De beslissing van de kantonrechter over de vordering in de hoofdzaak betekent dat in deze procedure geen oordeel over de (executie van de) dwangsommen zal volgen. Het geding is in deze instantie beëindigd en dat maakt dat de kantonrechter niet toekomt aan het geven van voorlopige voorzieningen voor de duur van deze procedure. Immers, een voorlopige voorziening als bedoeld in artikel 223 Rv kan alleen worden getroffen voor de duur van het geding.

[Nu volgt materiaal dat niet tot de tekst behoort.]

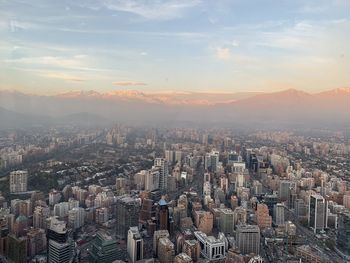 High angle view of modern buildings against sky during sunset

De incidentele vorderingen zullen bij gebrek aan belang worden afgewezen nu het geding met dit eindvonnis tot een einde is gekomen.
De proceskosten
5.12.
Omdat de kantonrechter niet meer toekomt aan een beoordeling van de vorderingen in incident zal de kantonrechter bepalen dat beide partijen de kosten van de incidenten zelf moeten dragen.

6.De beslissing

De kantonrechter
in de incidenten
6.1.
wijst het gevorderde af bij gebrek aan belang;
6.2.
compenseert de proceskosten in die zin, dat partijen de eigen kosten dragen;
in de hoofdzaak
6.3.
verklaart voor recht dat [partij II] op grond van de overeenkomst tussen partijen verplicht is:
50% van de door haar, ten behoeve van de klanten opgenomen in regelnummer 7 tot en met 33 van Overzicht Januari, ontvangen opslag per kwartaal te betalen aan [partij I] ;
50% van de door haar, ten behoeve van [onderneming 5] ontvangen opslag te betalen aan [partij I] ;
50% van de door haar, ten behoeve van de klanten opgenomen in Overzicht December en regelnummers 1 tot en met 6 van Overzicht Januari, ontvangen opslag te betalen aan [partij I] ;
6.4.
veroordeelt [partij II] tot betaling aan [partij I] van in totaal € 21.453,79
(€ 20.000,00 aan voorschot + € 600,00 aan aansluitvergoedingen), te vermeerderen met de wettelijke handelsrente over € 600,00 met ingang van 24 augustus 2023 tot de dag van algehele voldoening;
6.5.
veroordeelt [partij II] om aan [partij I] te betalen € 982,88 aan buitengerechtelijke incassokosten, te vermeerderen met de wettelijke rente met ingang van 17 juli 2023 tot de dag van algehele voldoening;
6.6.
veroordeelt [partij II] in de proceskosten van € 2.714,33, te betalen binnen veertien dagen na aanschrijving daartoe, te vermeerderen met de kosten van betekening als [partij II] niet tijdig aan de veroordelingen voldoet en het vonnis daarna wordt betekend,
6.7.
verklaart dit vonnis uitvoerbaar bij voorraad.
Dit vonnis is gewezen door mr. A.R. Creutzberg en in het openbaar uitgesproken op 18 december 2024.